A heroic soldier who received the forces’ highest award for outstanding valour has been honoured in his home town 100 years after his death.
Sergeant John Meikle was posthumously awarded the Victoria Cross in July 1918 in recognition of his bravery during bitter fighting in France during the First World War.
The 19-year-old was one of just 628 people to be awarded the medal during the conflict..
A Victoria Cross commemorative paving stone recognising his heroism and sacrifice was unveiled on Friday by Provost Alan Brown at the town’s Barleybank close to John’s birthplace of Freeland Place, at a special ceremony.
It was attended by members of Sergeant Meikle’s family, Councillors, the Deputy Lieutenant of Dunbartonshire, the 4th Scots Battalion and local people
Boys’ Brigade Pipe Bands from 1st Lenzie company and 1st Chryston company also played on the day.
Provost Brown said: “It is only right Sgt Meikle’s selfless sacrifice is recognised in his home town and this memorial will ensure his name and incredible actions will live on.

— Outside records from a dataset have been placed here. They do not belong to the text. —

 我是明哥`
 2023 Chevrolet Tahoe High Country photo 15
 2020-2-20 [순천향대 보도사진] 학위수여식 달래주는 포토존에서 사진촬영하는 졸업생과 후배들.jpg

“Despite his links to Kirkintilloch, this is the first memorial to him in the town and I am delighted that we were joined by members of his family as we paid tribute to him exactly 100 years after his death.”
More than 30 of Sergeant Meikle’s relatives, including his nephews John Meikle (75), Alan Meikle (68), James Salkeld (75) and John Salkeld (69), attended the ceremony.

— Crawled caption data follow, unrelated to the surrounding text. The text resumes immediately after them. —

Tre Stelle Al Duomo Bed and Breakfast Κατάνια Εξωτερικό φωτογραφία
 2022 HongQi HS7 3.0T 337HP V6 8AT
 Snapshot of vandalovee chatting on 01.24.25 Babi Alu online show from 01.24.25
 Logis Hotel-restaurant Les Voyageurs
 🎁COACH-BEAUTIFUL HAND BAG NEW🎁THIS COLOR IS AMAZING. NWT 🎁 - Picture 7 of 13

John, named after his uncle, travelled through from Middlesbrough and said: “My uncle John has always been my personal hero. Although we never met, he has been with me every day of my life. His sacrifice at the age of 19, is some gift indeed, and we must never forget what he and so many others like him have given to us.”
The ceremony was presided over by the Depute Lieutenant of Dunbartonshire, Reverend Mark Johnstone of nearby St Mary’s Church.
John Meikle enlisted in February 1915, aged just 16, and was drafted into the 4th Battalion of the Seaforth Highlanders. He had already received the Military Medal for bravery and leadership near Langmarch before returning to France and earning a promotion to sergeant.
Tragedy struck just months before the end of the war during the second Battle of the Marne. On 20 July 1918, Sgt Meikle was in the Ardre valley when he single-handedly rushed a machinegun nest which had held up his men
Later, when held up by another machinegun nest and with most of his platoon casualties, he seized a rifle and bayonet from a fallen comrade and rushed forward regardless of his own safety.
Sadly, Sgt Meikle was killed when almost in the gun position but his brave action allowed two other men behind him to put gun out of action.
An exhibition, honouring Sgt Meikle is currently on display in the lobby of William Patrick Library.